I hopped off the train this morning and had my attention drawn to a promotional installation within the busy and beautiful Central Station. The installation was promoting RU OK? Day and I was instantly reminded of a letter I wrote to Lance “Buddy” Franklin, the high profile Sydney Swans AFL player (have I mentioned I’m a massive Swans supporter – don’t hold it against me).
Towards the back end of the 2015 season, Buddy stepped away from the game as he wasn’t feeling too good. Not in the sense of injury or illness, but in the “I’m not coping very well with life” sense. At the business end of the season, many questions were asked about him, especially as the Swans seemed to be having another great year and were potentials for the finals series. I was proud to be a dedicated fan of a footy team that seemed to value a players mental health and well being, more than that of a Premiership cup.
It’s refreshing to think that even behind big business (as we all know, sport=big business) are real people. Real human beings, just like you and me.
I never sent the letter to the Swans, in fact, I penned it with this blog in mind. It was (I think) my second go at writing a piece for my (at that stage) non-existent blog. I hadn’t found the courage to actually give it a go.
It’s now April 2016 and Buddy has been back playing footy since the commencement of the 2016 AFL Premiership Season. Actually, quite a bit has happened in my own life since then too, including some glorious moments and some darker, harder moments. Since starting this blog, I now have the courage to share the letter, knowing that so many people my beautiful life touches have had to find the strength and resilience to ask for help. Not everybody can be a super star footballer and take “time out”, but everyone can be the community that will help make the darker times a little brighter for those close by.
Anyway, here goes:
21st September 2015
My open letter to Lance “Buddy” Franklin.
You are a hero to my Swans-obsessed 3 year old son. He loves watching you play footy, loves to see you kick goals and most of all he loves to be you. I’m not kidding either – he calls me Kurt Tippett, his dad Adam Goodes, his younger brother Gary Rohan and he role plays a game of footy with himself as you. It is by far one of the best things as parent to watch.
You are now a hero to me and my husband – sure, you are a super star footballer that delivers at any clutch play. But, you are a person too. Your decision to step away from a game I’m sure you love did not come easy.
I’ve no doubt you are learning that mental health is so very important to each and everyone of us; it also means different things to different people.

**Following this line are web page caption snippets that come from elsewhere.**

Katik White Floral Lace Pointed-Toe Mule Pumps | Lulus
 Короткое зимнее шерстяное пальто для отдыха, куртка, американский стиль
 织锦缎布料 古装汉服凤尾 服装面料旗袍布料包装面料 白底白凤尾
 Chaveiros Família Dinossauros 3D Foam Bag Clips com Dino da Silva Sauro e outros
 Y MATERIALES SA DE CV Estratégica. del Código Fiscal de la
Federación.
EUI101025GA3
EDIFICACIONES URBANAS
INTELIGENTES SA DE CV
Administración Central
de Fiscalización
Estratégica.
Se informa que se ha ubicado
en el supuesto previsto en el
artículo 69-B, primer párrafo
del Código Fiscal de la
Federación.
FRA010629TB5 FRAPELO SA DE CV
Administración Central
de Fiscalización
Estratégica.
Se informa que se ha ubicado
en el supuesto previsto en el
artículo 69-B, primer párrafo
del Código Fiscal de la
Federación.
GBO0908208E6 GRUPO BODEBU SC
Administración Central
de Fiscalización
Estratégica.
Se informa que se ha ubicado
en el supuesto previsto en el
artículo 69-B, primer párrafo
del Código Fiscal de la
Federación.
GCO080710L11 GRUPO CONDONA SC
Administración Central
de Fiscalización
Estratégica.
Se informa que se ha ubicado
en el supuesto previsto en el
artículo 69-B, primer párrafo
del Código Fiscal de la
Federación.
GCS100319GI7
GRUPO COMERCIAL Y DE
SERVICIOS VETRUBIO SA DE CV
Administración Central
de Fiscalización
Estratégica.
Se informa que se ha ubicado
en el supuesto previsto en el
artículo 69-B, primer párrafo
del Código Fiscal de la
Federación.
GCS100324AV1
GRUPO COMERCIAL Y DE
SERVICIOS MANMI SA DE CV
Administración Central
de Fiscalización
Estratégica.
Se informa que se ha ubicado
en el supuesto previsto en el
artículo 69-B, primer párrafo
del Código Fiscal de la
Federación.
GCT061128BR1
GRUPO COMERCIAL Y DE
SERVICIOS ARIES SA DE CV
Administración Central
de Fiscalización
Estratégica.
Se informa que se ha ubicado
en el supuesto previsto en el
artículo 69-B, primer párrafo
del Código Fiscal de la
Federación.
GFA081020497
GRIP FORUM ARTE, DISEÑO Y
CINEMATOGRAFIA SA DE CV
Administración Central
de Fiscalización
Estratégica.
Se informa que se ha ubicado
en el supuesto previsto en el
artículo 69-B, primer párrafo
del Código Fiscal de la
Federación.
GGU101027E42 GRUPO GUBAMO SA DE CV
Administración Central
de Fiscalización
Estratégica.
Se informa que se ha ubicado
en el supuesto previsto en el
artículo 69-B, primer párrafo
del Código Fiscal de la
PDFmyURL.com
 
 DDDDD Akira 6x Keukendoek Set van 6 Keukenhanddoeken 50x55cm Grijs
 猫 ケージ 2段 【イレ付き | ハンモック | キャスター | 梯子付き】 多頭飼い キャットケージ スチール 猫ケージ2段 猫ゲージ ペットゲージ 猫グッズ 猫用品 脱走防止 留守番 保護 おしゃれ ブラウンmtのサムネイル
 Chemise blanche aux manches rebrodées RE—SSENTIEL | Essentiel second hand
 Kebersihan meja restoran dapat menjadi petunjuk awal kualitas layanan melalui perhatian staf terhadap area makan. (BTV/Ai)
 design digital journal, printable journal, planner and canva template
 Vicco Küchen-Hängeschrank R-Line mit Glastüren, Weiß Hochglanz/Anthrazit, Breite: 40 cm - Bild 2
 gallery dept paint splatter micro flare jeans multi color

By taking the courageous step to remove yourself from football, you are providing an opportunity for dialogue about mental health issues for me and my sons. I am terrified that my beautiful boys will one day have no where to turn, with devastating effect. By being honest with yourself and those around you, I have hope you will come through the other side a stronger person, knowing your self inside out. I hold hope that your example will help my boys to find the courage they need to seek help, when society makes it so very hard.
You have reached complete superhero status in our household for reasons transcending football.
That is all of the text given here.